Somewhere below, one line contains "Années 90 Love" and a later line contains "Click to view". Output those two lines and everything between them exactly, and nothing else.

Dataset records>

>>

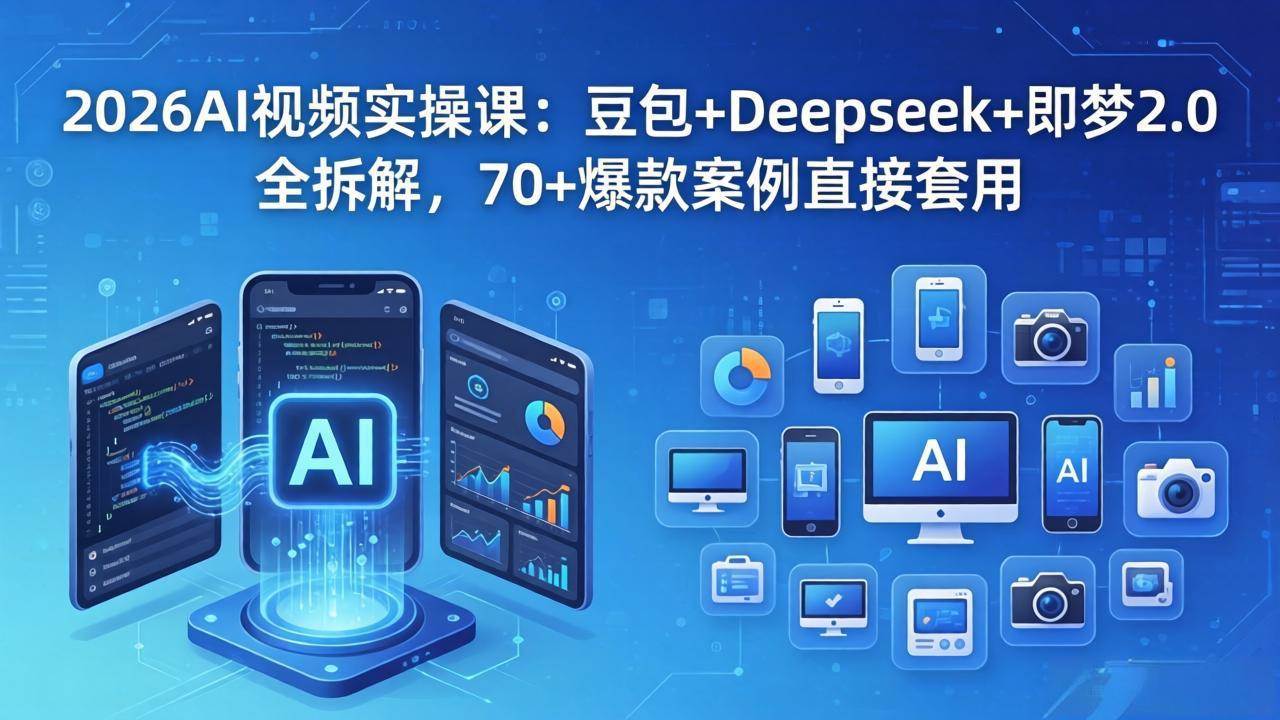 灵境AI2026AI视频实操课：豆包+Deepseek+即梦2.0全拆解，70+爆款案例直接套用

<<
>>

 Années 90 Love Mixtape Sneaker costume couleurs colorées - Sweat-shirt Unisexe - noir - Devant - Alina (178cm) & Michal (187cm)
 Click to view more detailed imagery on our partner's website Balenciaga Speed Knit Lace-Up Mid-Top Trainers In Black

<<
>>

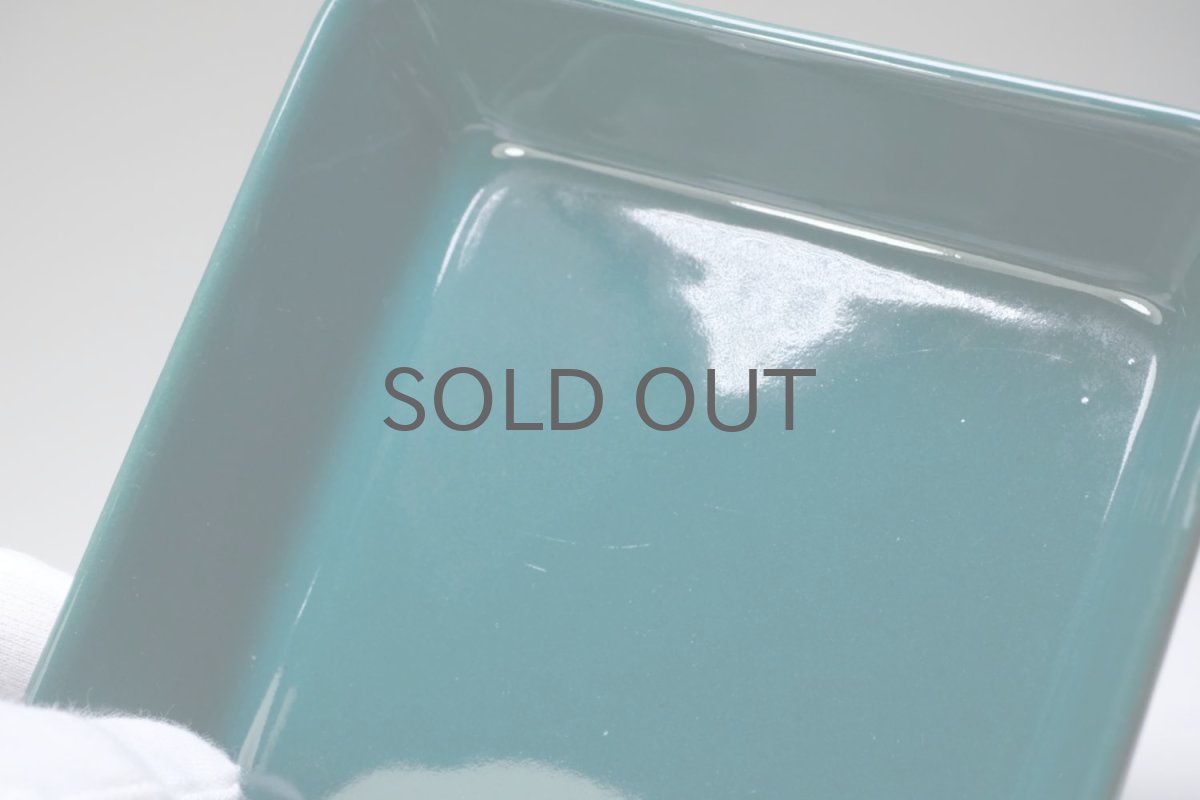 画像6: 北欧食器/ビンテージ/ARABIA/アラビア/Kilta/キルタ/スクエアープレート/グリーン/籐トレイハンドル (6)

<<

Finished exercise>
 Années 90 Love Mixtape Sneaker costume couleurs colorées - Sweat-shirt Unisexe - noir - Devant - Alina (178cm) & Michal (187cm)
 Click to view more detailed imagery on our partner's website Balenciaga Speed Knit Lace-Up Mid-Top Trainers In Black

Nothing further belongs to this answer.